> **TASK GOAL**
Among the records that follow, find the line with "Men's Stainless Steel" and the line with "Mens Carhartt Force". Set down those lines and all lines between them exactly, without adding anything.

> **RECORDS SHOWN**
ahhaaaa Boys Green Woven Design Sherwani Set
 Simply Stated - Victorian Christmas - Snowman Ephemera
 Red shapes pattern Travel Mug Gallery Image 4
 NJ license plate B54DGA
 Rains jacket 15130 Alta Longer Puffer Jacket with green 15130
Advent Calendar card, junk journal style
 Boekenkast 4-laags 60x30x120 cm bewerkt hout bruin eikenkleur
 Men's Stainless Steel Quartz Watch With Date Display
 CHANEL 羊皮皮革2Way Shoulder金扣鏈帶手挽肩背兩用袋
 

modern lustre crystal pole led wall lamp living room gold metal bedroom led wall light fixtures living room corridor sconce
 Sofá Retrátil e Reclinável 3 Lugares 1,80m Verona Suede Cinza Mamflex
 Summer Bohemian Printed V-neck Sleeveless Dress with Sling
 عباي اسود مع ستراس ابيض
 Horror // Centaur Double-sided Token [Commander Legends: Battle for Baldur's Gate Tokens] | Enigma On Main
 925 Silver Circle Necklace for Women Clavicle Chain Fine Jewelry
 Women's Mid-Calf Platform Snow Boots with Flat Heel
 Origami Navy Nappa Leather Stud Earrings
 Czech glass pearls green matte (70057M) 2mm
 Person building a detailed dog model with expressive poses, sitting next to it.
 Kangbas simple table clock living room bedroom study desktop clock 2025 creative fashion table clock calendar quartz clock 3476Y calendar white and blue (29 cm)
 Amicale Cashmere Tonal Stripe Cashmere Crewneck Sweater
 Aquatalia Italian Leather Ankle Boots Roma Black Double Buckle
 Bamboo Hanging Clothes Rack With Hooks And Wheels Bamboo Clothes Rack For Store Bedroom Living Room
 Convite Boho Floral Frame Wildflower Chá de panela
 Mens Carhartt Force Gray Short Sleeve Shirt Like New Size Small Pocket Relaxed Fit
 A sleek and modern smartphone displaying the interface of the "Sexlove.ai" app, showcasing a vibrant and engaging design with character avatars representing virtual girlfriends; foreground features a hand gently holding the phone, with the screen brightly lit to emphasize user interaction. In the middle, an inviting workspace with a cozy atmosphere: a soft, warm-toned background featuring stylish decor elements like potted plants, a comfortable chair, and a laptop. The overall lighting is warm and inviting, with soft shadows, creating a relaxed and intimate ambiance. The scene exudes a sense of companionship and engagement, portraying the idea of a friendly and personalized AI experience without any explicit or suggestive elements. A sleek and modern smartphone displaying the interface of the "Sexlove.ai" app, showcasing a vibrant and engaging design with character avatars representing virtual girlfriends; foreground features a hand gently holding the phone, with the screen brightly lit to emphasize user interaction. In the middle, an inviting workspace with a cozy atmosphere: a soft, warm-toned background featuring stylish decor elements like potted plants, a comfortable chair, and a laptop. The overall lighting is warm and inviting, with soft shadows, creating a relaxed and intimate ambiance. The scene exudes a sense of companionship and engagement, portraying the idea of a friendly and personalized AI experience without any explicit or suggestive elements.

> **YOUR RESPONSE**
 Men's Stainless Steel Quartz Watch With Date Display
 CHANEL 羊皮皮革2Way Shoulder金扣鏈帶手挽肩背兩用袋
 

modern lustre crystal pole led wall lamp living room gold metal bedroom led wall light fixtures living room corridor sconce
 Sofá Retrátil e Reclinável 3 Lugares 1,80m Verona Suede Cinza Mamflex
 Summer Bohemian Printed V-neck Sleeveless Dress with Sling
 عباي اسود مع ستراس ابيض
 Horror // Centaur Double-sided Token [Commander Legends: Battle for Baldur's Gate Tokens] | Enigma On Main
 925 Silver Circle Necklace for Women Clavicle Chain Fine Jewelry
 Women's Mid-Calf Platform Snow Boots with Flat Heel
 Origami Navy Nappa Leather Stud Earrings
 Czech glass pearls green matte (70057M) 2mm
 Person building a detailed dog model with expressive poses, sitting next to it.
 Kangbas simple table clock living room bedroom study desktop clock 2025 creative fashion table clock calendar quartz clock 3476Y calendar white and blue (29 cm)
 Amicale Cashmere Tonal Stripe Cashmere Crewneck Sweater
 Aquatalia Italian Leather Ankle Boots Roma Black Double Buckle
 Bamboo Hanging Clothes Rack With Hooks And Wheels Bamboo Clothes Rack For Store Bedroom Living Room
 Convite Boho Floral Frame Wildflower Chá de panela
 Mens Carhartt Force Gray Short Sleeve Shirt Like New Size Small Pocket Relaxed Fit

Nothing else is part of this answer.